La mystérieuse Mme Le Breton

    Première partie : La légende

Nous empruntons à un article de l'Association des dames françaises paru en février 1911 dans le bulletin de cette association ce qui nous semble traduire le mieux le point de départ de ce que nous appellerons la légende de Madame Lebreton.

    Une « brave »

    Le 8 janvier dernier [1911] est décédée, à l'Asile national du Vésinet, une personnalité bien ignorée quoique bien méritante. Nous voulons parler de Mme Le Breton, ancienne cantinière au 1er Zouaves, titulaire de la médaille militaire et de deux médailles de sauvetage. Petite-fille d'une cantinière, Mme Perrot, qui fut chevalier de la Légion d'honneur, fille du commandant d'artillerie Bernadotte, officier de la Légion d'honneur, Mme Le Breton naquit en 1830 au fort de Mers-el-Kébir (Algérie). Elle se maria en 1845 et devint cantinière au 1er zouaves. En cette qualité elle prit part aux campagnes de Crimée, d'Italie, du Mexique, à la campagne de 1870-1871 où elle fut blessée et faite prisonnière de guerre. Enfin, dernièrement encore, et malgré son grand âge, elle suivit la colonne qui opéra au Maroc où elle fut blessée à nouveau et retenue quelque temps captive.
    Mme Le Breton, qui était veuve, restait sans famille et sans fortune. Personne ne la réclamant, elle a été inhumée au cimetière particulier de l'Asile national du Vésinet. Les convalescentes avaient pour elle la plus vive et la plus respectueuse affection. Un grand nombre d'entre elles l'accompagnèrent jusqu'à sa tombe, où M. Gros, directeur de l'Asile national, prononça le discours suivant : [1]

      Mesdames,

      Je vous remercie d'être venues si nombreuses aux obsèques de Mme Le Breton et de la pensée touchante que vous avez eue de lui offrir une couronne. Les uns et les autres nous ne savions d'elle que ce que nous enseignait le petit ruban qu'elle portait sur la poitrine. Ce ruban signifiait que Mme Le Breton, qui était cantinière depuis 1845, avait pris part aux campagnes de Crimée, d'Italie, du Mexique et, plus près de nous, à la campagne franco-allemande.
      Partout, elle fit pleinement son devoir. Titulaire de la médaille militaire pour sa belle conduite à la bataille de Solférino, elle avait en outre deux médailles de sauvetage. Certes, il n'apparaît pas qu'elle ait été récompensée selon son mérite. Aussi, ai-je l'impression d'interrompre une longue suite d'ingratitudes, une persévérante injustice, en répétant tous les titres qu'avait Mme Le Breton à l'estime de la société. Elle meurt pauvre et délaissée, puisque nous, qui ne la connaissions pas il y a un mois, sommes seuls autour de sa tombe ouverte. Encore, puis-je dire qu'elle aura trouvé ici sa dernière satisfaction. « Je ne souhaite rien d'autre, m'assurait-elle, il y a quelque temps, que de mourir à l'Asile. » Son vœu s'est trop tôt exaucé... Elle reposera donc dans notre cher et paisible cimetière, toute proche de la tombe où sont inhumés les soldats, ses compagnons qui, en 1870-1871, moururent en combattant.

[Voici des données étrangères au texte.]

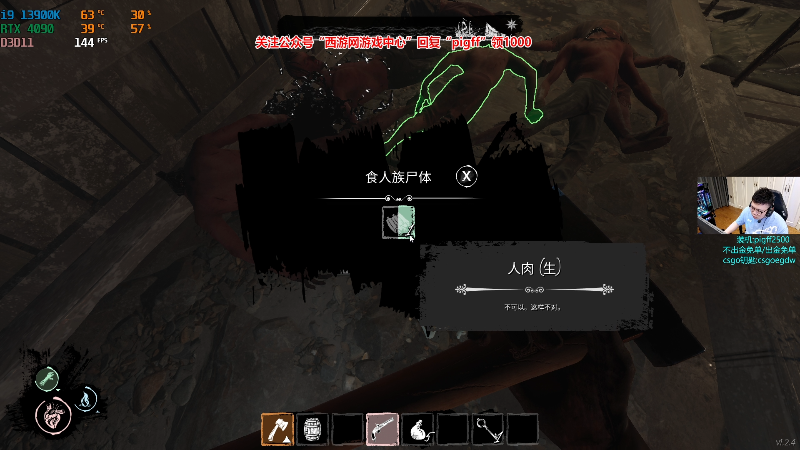 【热门游戏】pigff的精彩时刻 20230420 23点场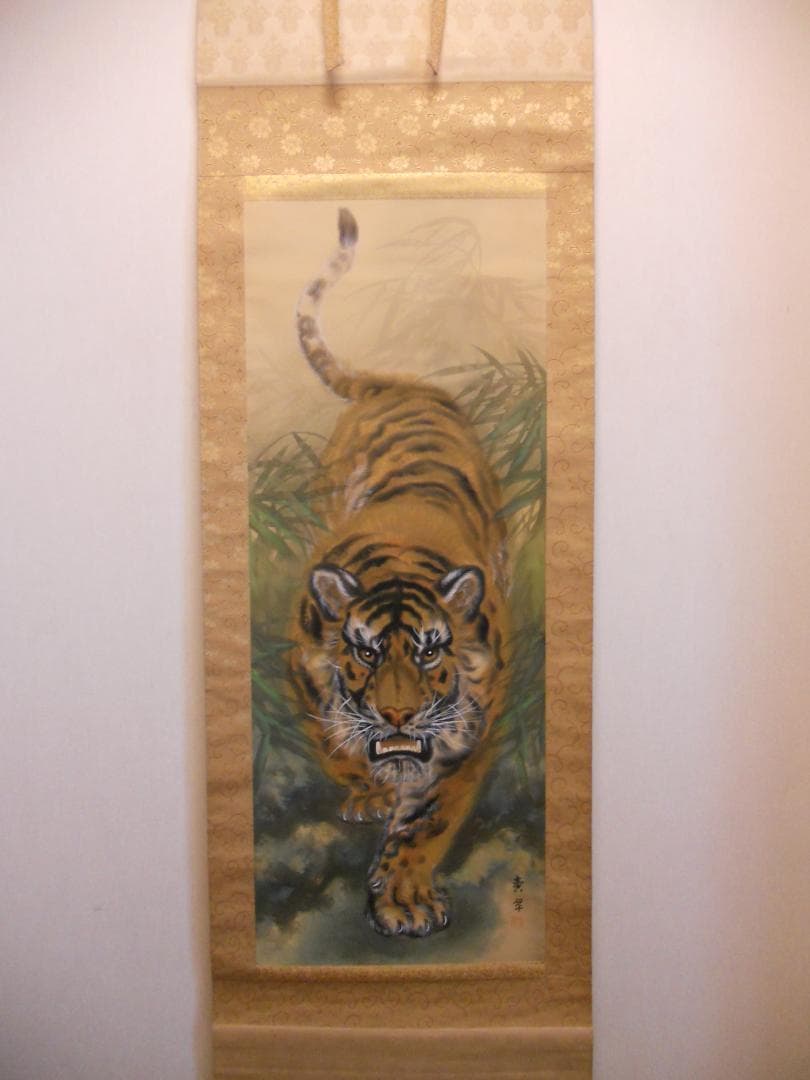 掛け軸 森脇廣翠 猛虎之図 中島清堂 識箱 絹本 希少 軸装 茶道具 掛軸 美品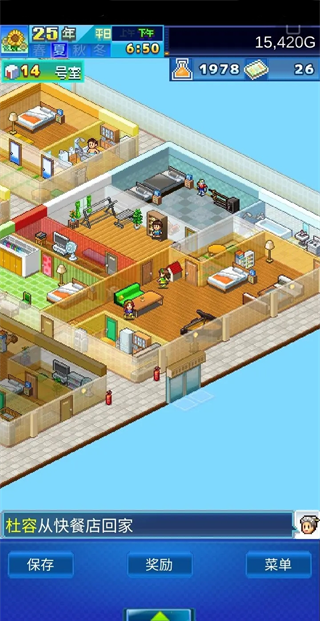 幸福公寓物语 2025最新版(图1)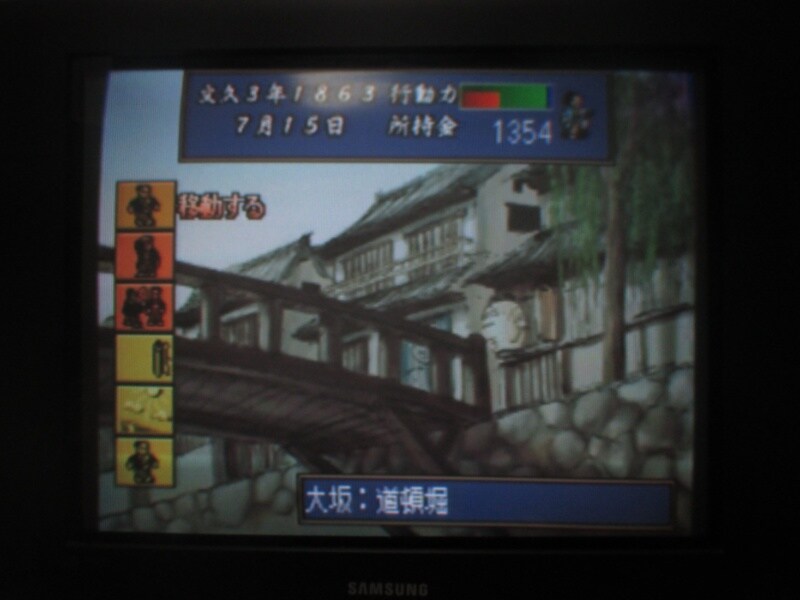 유신의 폭풍 - 막말 지사전 (6)_7.jpg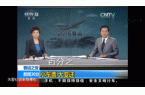 长春市残疾人联合会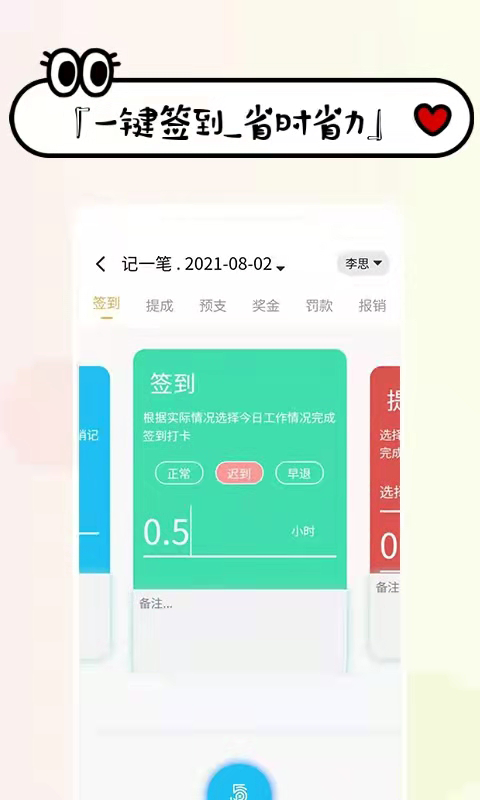 工资掌上记最新版截图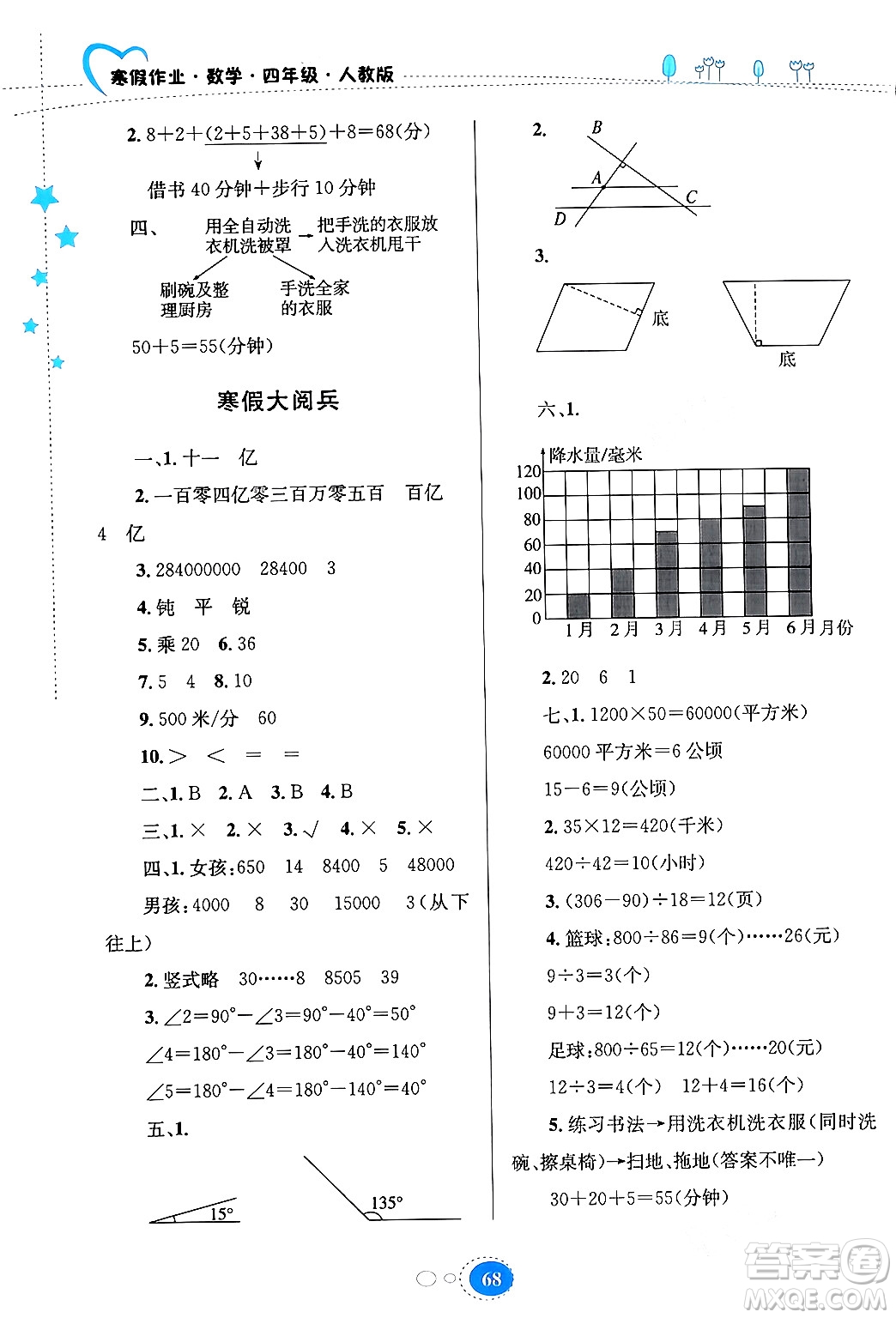 貴州人民出版社2024寒假作業(yè)四年級數(shù)學人教版答案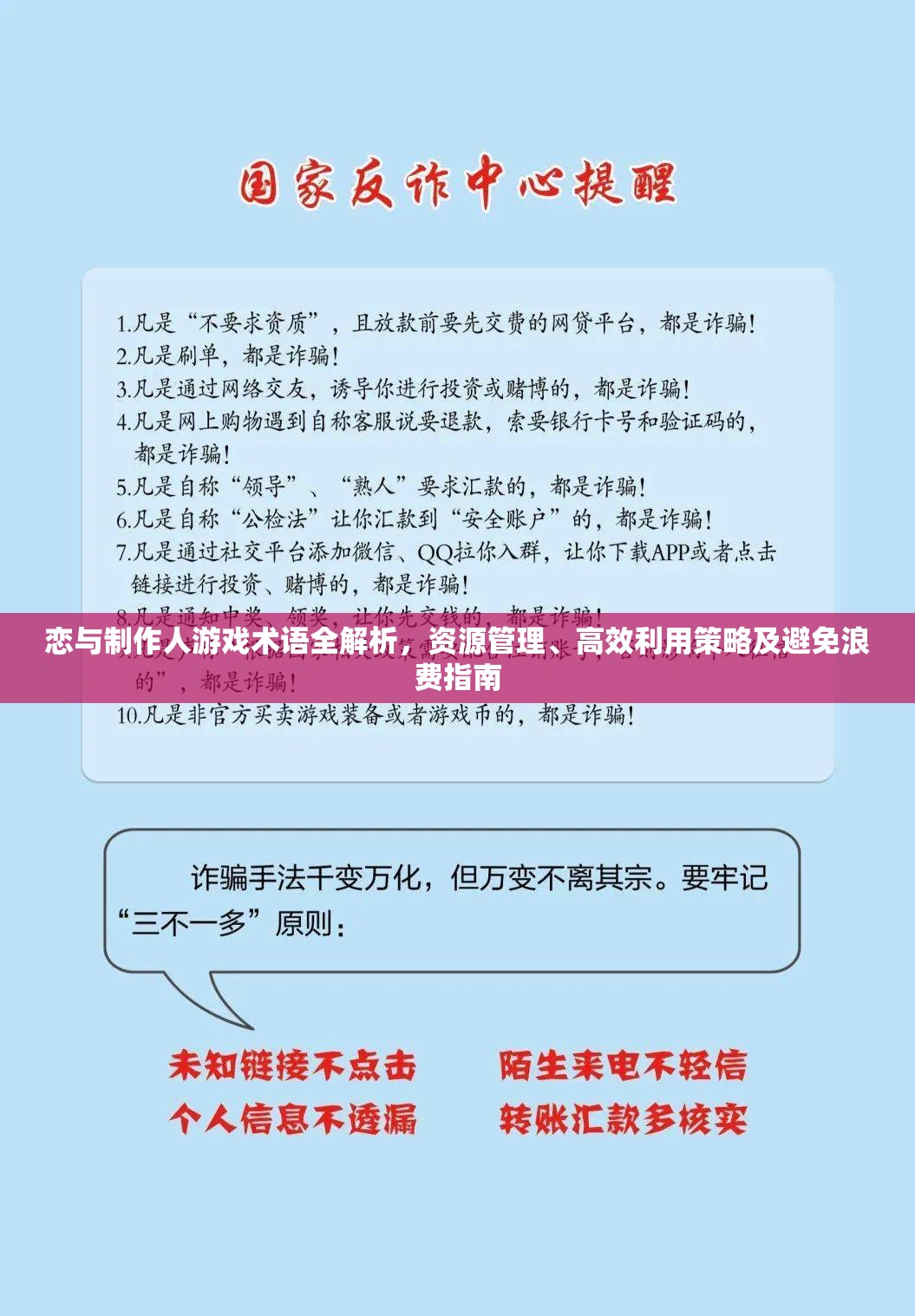 恋与制作人游戏术语全解析，资源管理、高效利用策略及避免浪费指南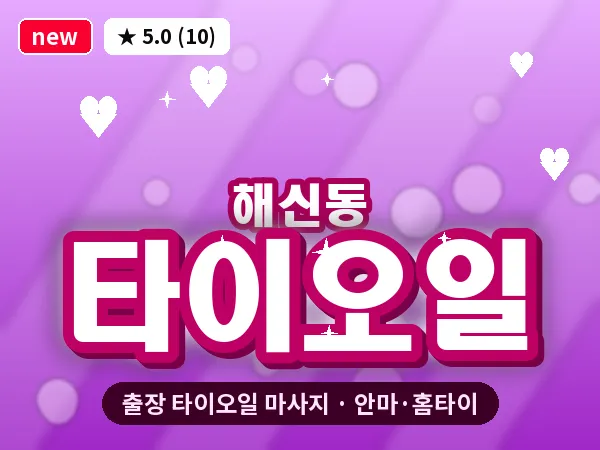 전북 군산시 해신동 출장 타이오일 마사지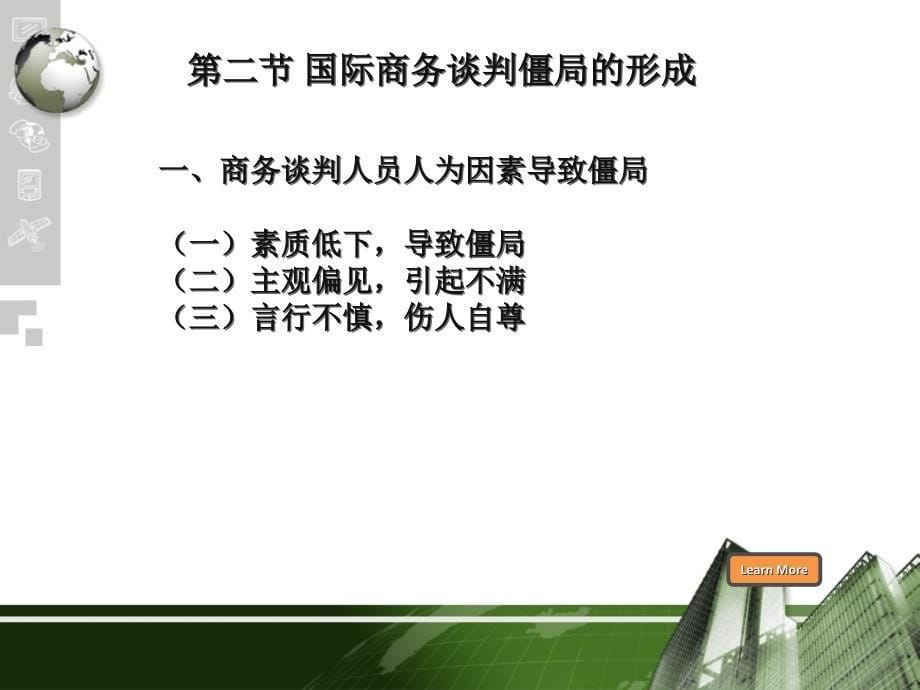 国际商务谈判僵局处理策略ppt培训课件_第5页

      Pour elle, c'est fini...
      Je vais m'employer à faire couvrir sa tombe d'une modeste pierre, sur laquelle on inscrira les nobles actes et les belles qualités de la cantinière Le Breton. L'Asile national du Vésinet sera fier de conserver la dépouille de cette bonne Française. Qu'elle reçoive ici, de nous tous, un suprême et respectueux adieu.
      [2]

    Le directeur, dans son discours, promettait à la brave cantinière un monument funéraire. Il ne restait plus qu'à recueillir les fonds nécessaires à ce suprême hommage patriotique. L'Association des Dames Françaises, désireuse de collaborer directement, à cette œuvre, a fait parvenir à M. le directeur de l'Asile national du Vésinet une somme de vingt francs. M. le Directeur de l'Asile nous a remercié de notre empressement et prié de faire accepter ses remerciements à tous les membres de l'Association. Grâce à notre concours et à d'autres, dictés par le même sentiment, il est assuré de pouvoir rendre à Mme Le Breton l'hommage suprême qu'elle mérite.

Extrait du registre des déclarations de décès à l'Asile national du Vésinet. [3]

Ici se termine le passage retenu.